#### [Your assignment]
Lines to return, exactly: from the line with "KADAL 778 online" to the line with "Light Amethyst Stone Gold Bracelet" in the entries below, both included.

#### [Stored data]

● ● ● ● ●

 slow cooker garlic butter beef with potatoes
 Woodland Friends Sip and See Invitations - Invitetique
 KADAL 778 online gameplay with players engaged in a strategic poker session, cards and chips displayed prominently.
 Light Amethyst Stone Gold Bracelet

● ● ● ● ●

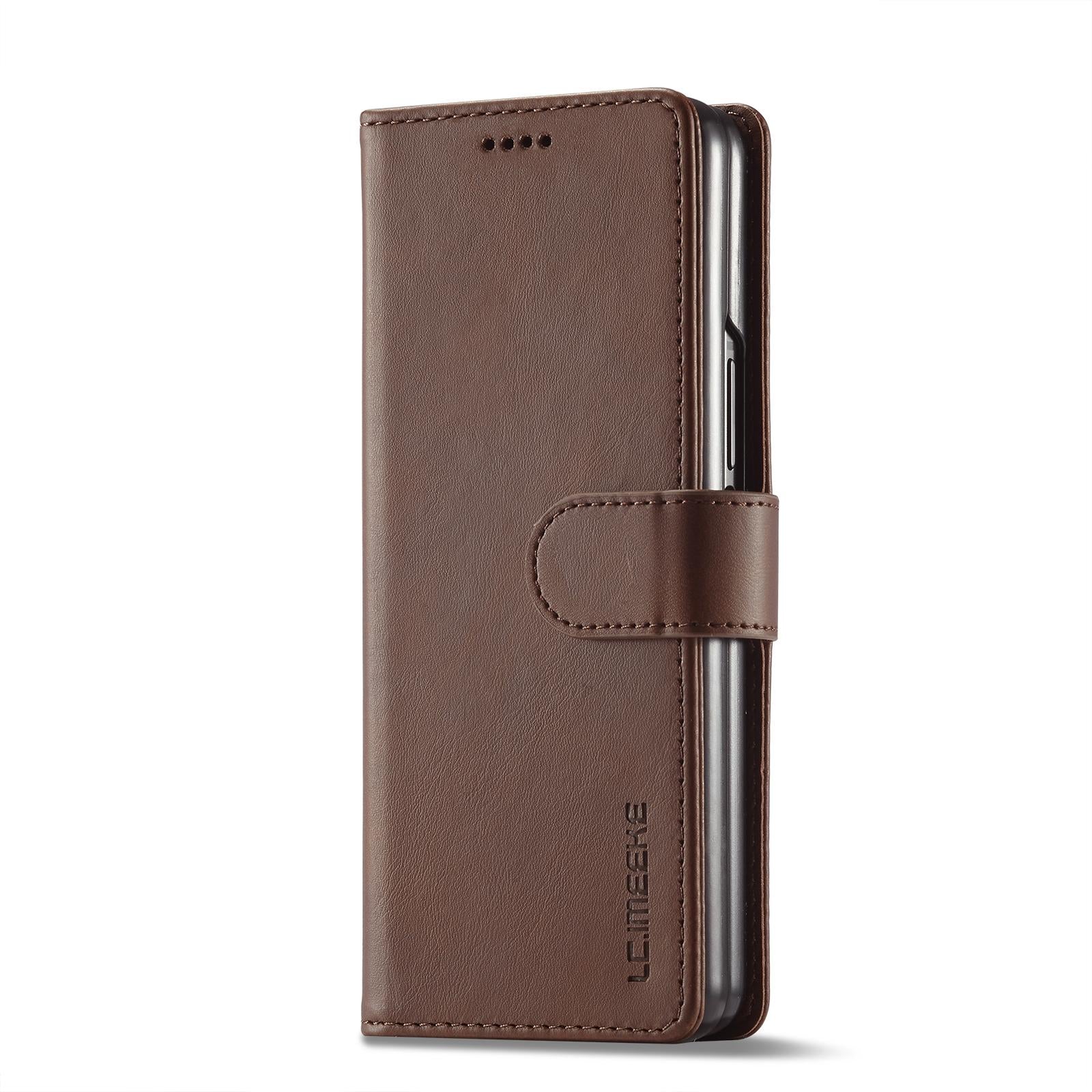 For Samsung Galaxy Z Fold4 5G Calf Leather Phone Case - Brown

● ● ● ● ●

#### [Response]
 KADAL 778 online gameplay with players engaged in a strategic poker session, cards and chips displayed prominently.
 Light Amethyst Stone Gold Bracelet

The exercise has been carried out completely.